Pitfall 2: Over-Engineering
Don’t build a complex multi-agent system when a simple RAG agent would work. Start simple, add complexity only when needed.
Pitfall 3: No Human Feedback Loop
Build in ways for users to flag bad answers. This feedback is gold for improving your system.
Pitfall 4: Forgetting About Latency
Users won’t wait 10 seconds for an answer. Optimize your retrieval, use smaller models where appropriate, and cache common queries.
The Bottom Line
Databricks Mosaic AI Agent Framework isn’t just another LLM wrapper – it’s a complete production system for building RAG applications that actually work. The framework handles the infrastructure, monitoring, and deployment headaches, letting you focus on building agents that solve real problems.

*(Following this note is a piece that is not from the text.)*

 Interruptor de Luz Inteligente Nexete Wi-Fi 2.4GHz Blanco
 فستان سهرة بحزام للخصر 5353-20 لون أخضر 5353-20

The key differentiator is the tight integration with the Databricks platform. Your data is already in Delta Lake, your pipelines are in Databricks, your ML models are tracked in MLflow. Mosaic lets you build AI agents that naturally fit into this ecosystem without duct-taping together different services.
Start small, evaluate rigorously, iterate based on real user feedback, and you’ll end up with agents that actually deliver value instead of just impressive demos. The framework gives you the tools – now go build something useful.